__Exercise details__: Write the records below out again word for word, with the pictures removed.

__Dataset items__:
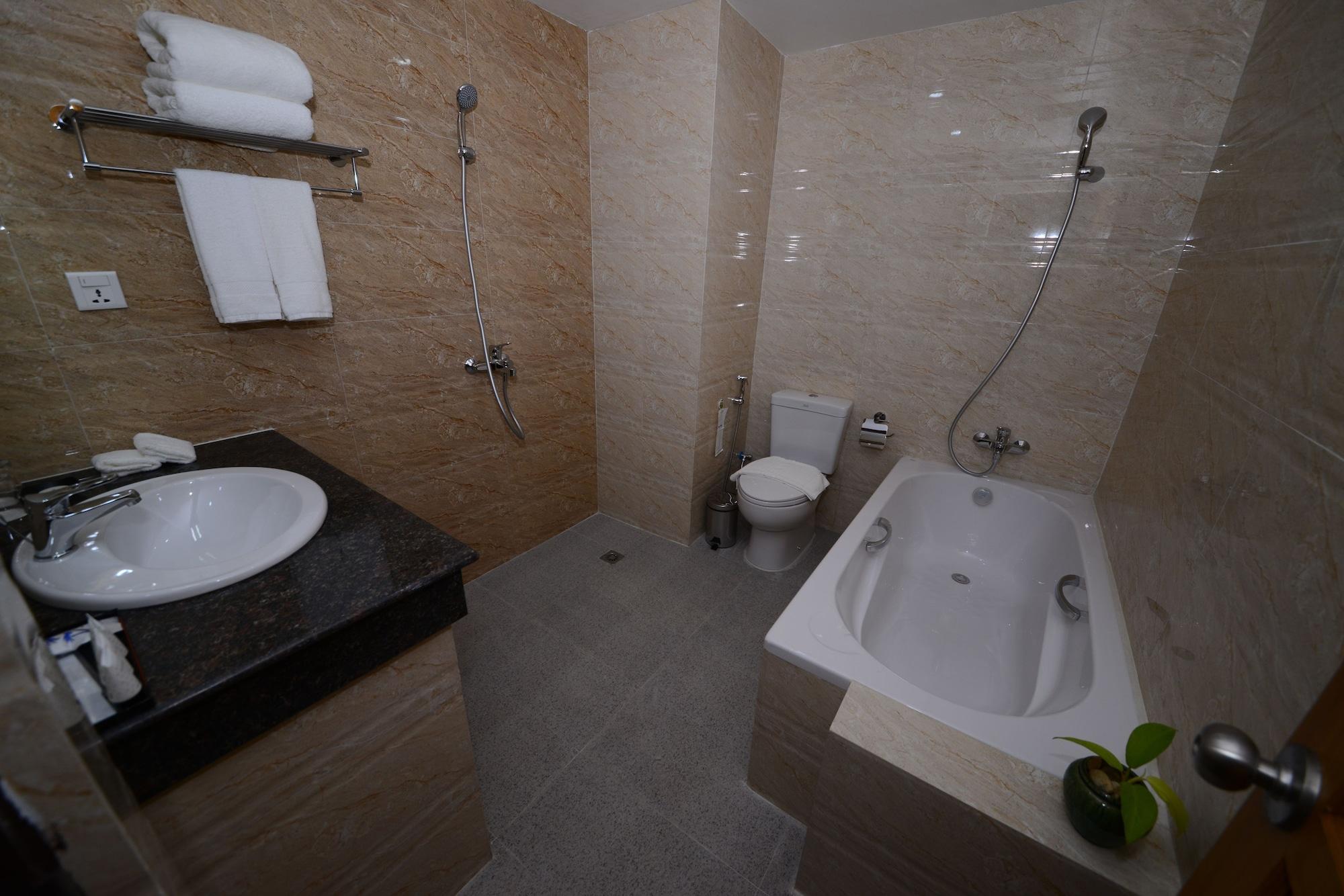 Silver Green Hotel Yangon Ngoại thất bức ảnh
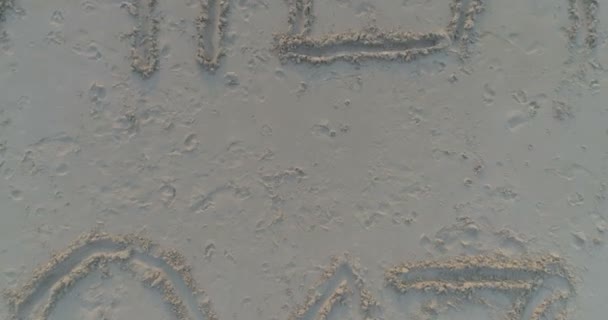 熱帯のビーチの砂で書かれたタイ 2017年の空中ショットの上の上昇 — ストック動画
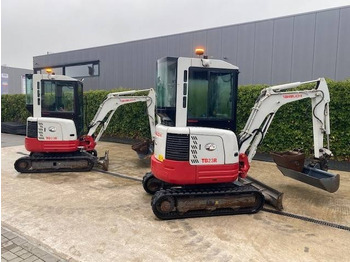 Ekskavator mini TAKEUCHI TB23R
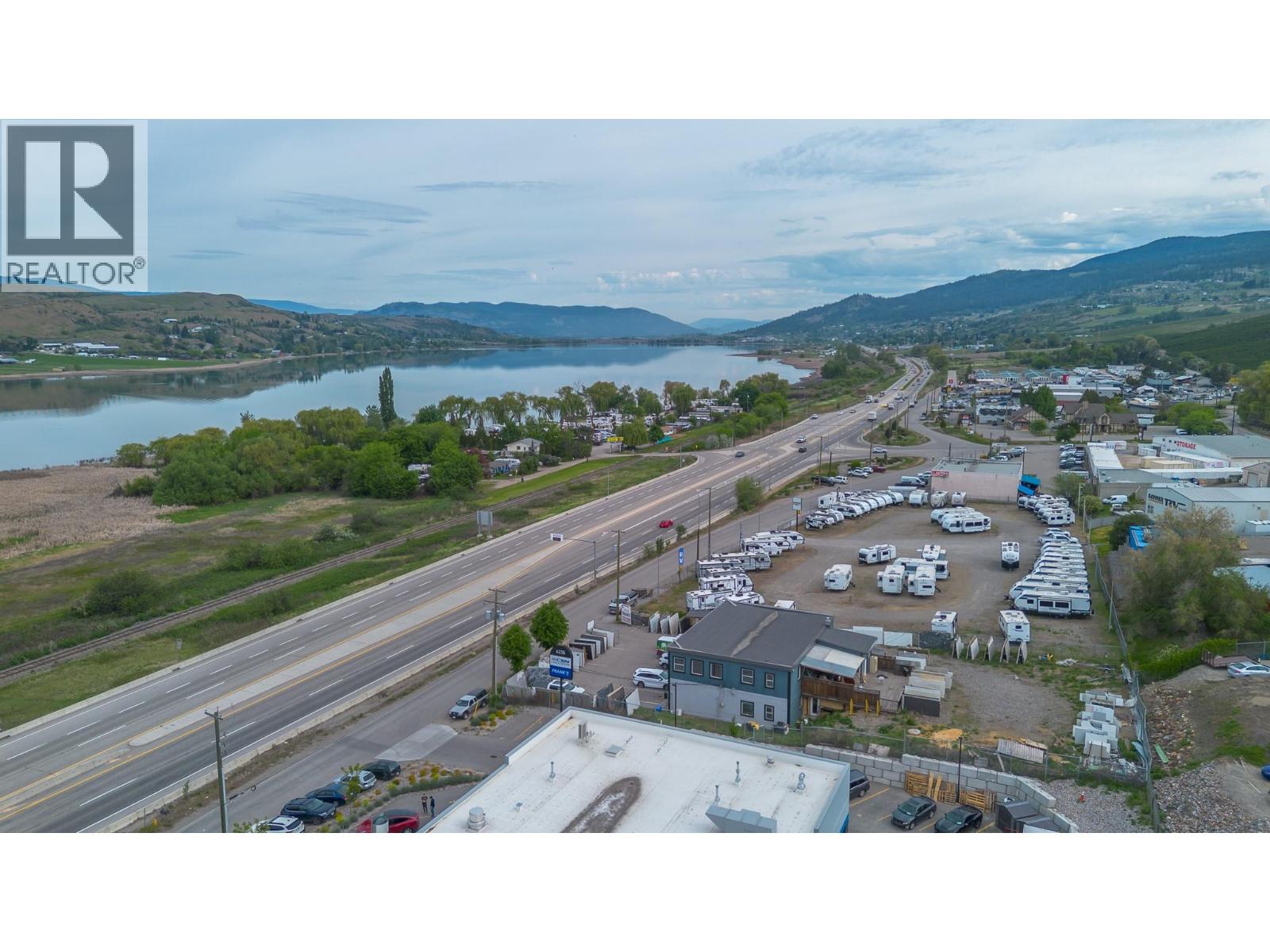 6245 97 Highway Property Photo 3
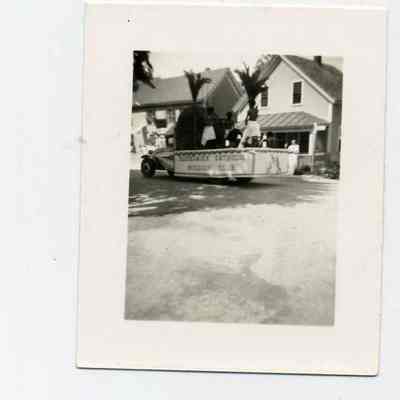 A Float in the Brunswick Bicentennial Parade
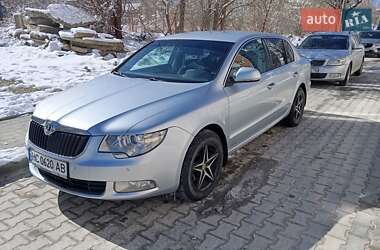 Лифтбек Skoda Superb 2012 в 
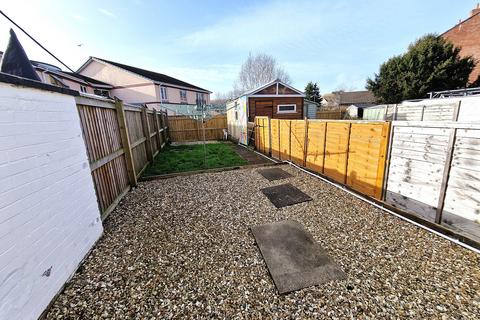 20 Burns Avenue, Exeter, EX2 6BX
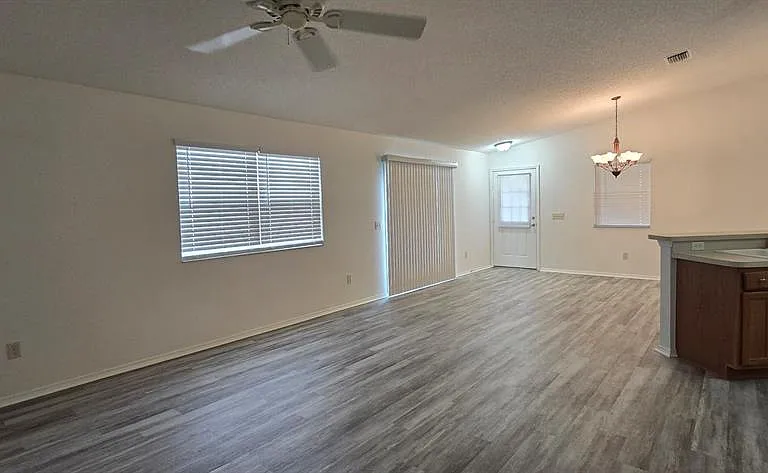 1009 Ridgeville Rd — Photo 9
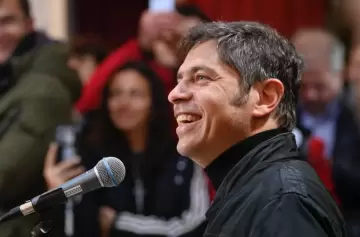 Axel Kicillof celebró la victoria de Fuerza Patria y llamó a Milei a dialogar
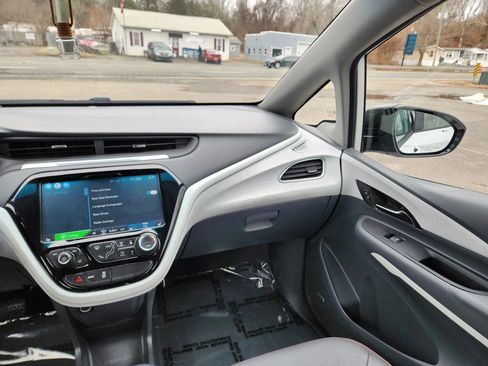 Used 2019 Chevrolet Bolt Premier w/ Infotainment Package image 29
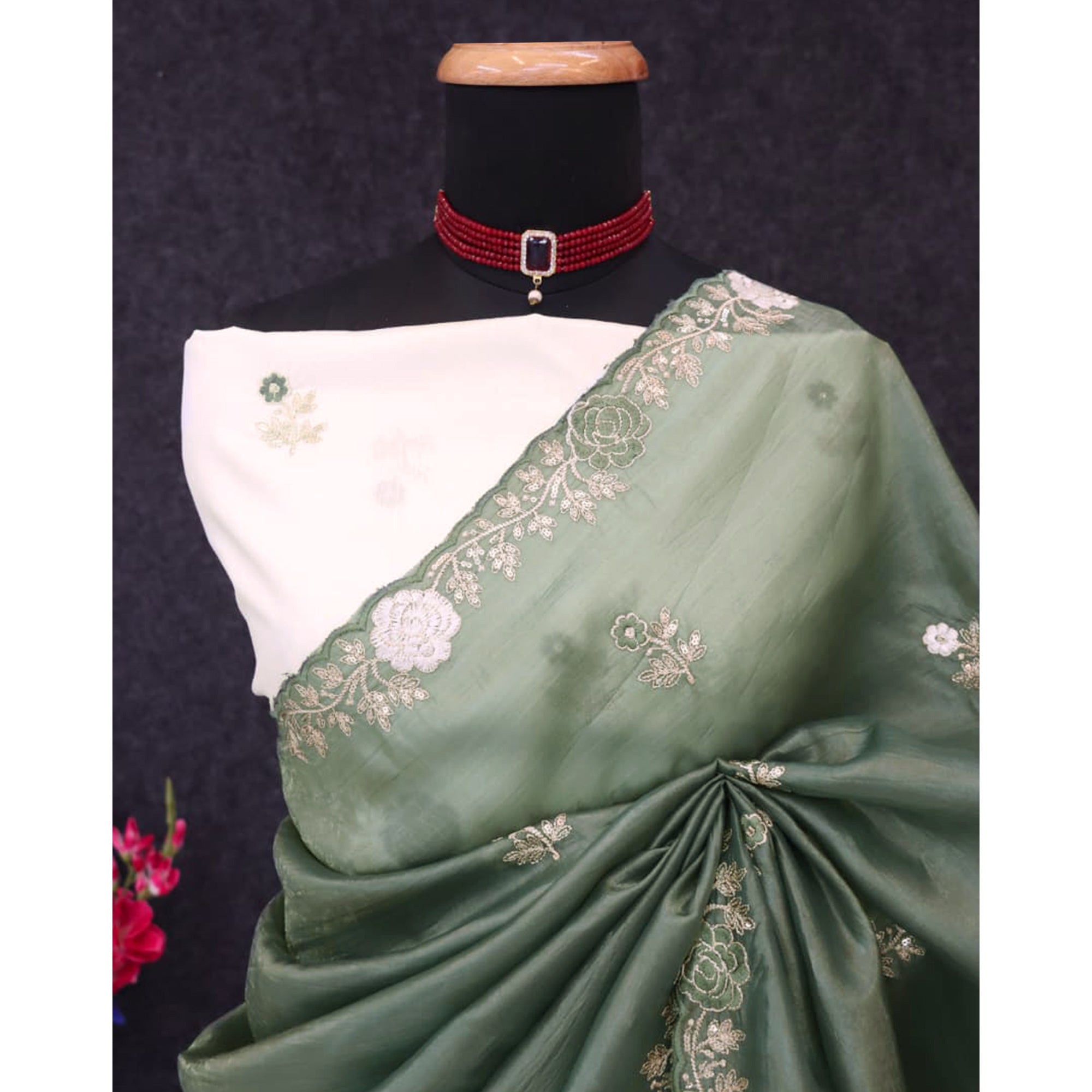 Green Lightweight Georgette Crush Saree Adorned with Delicate Floral Embroidery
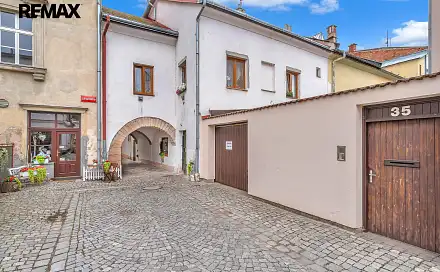 Prodej nájemního domu, činžáku 420 m², Hostinné, okres Trutnov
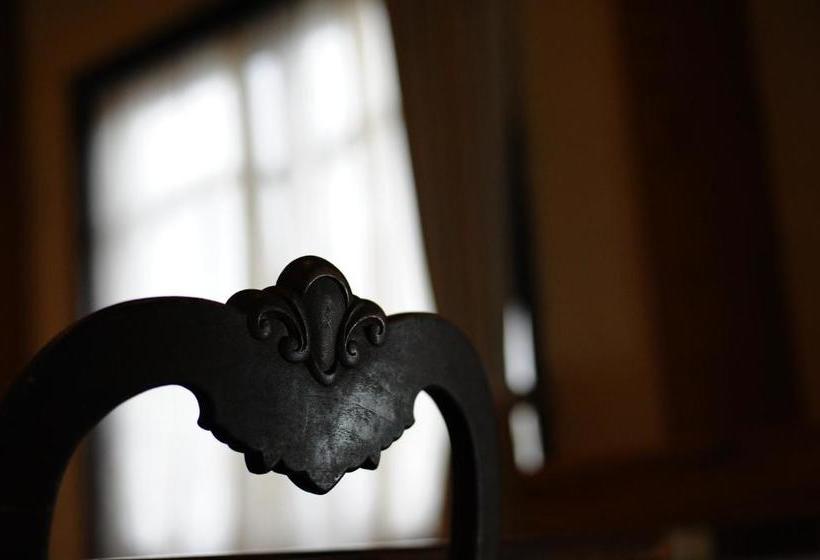 アトリエ モダン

__Task result__:
 Silver Green Hotel Yangon Ngoại thất bức ảnh
 熱帯のビーチの砂で書かれたタイ 2017年の空中ショットの上の上昇 — ストック動画
 Ekskavator mini TAKEUCHI TB23R
 6245 97 Highway Property Photo 3
 A Float in the Brunswick Bicentennial Parade
 Лифтбек Skoda Superb 2012 в 
 20 Burns Avenue, Exeter, EX2 6BX
 1009 Ridgeville Rd — Photo 9
 Axel Kicillof celebró la victoria de Fuerza Patria y llamó a Milei a dialogar
 Used 2019 Chevrolet Bolt Premier w/ Infotainment Package image 29
 Green Lightweight Georgette Crush Saree Adorned with Delicate Floral Embroidery
 Prodej nájemního domu, činžáku 420 m², Hostinné, okres Trutnov
 アトリエ モダン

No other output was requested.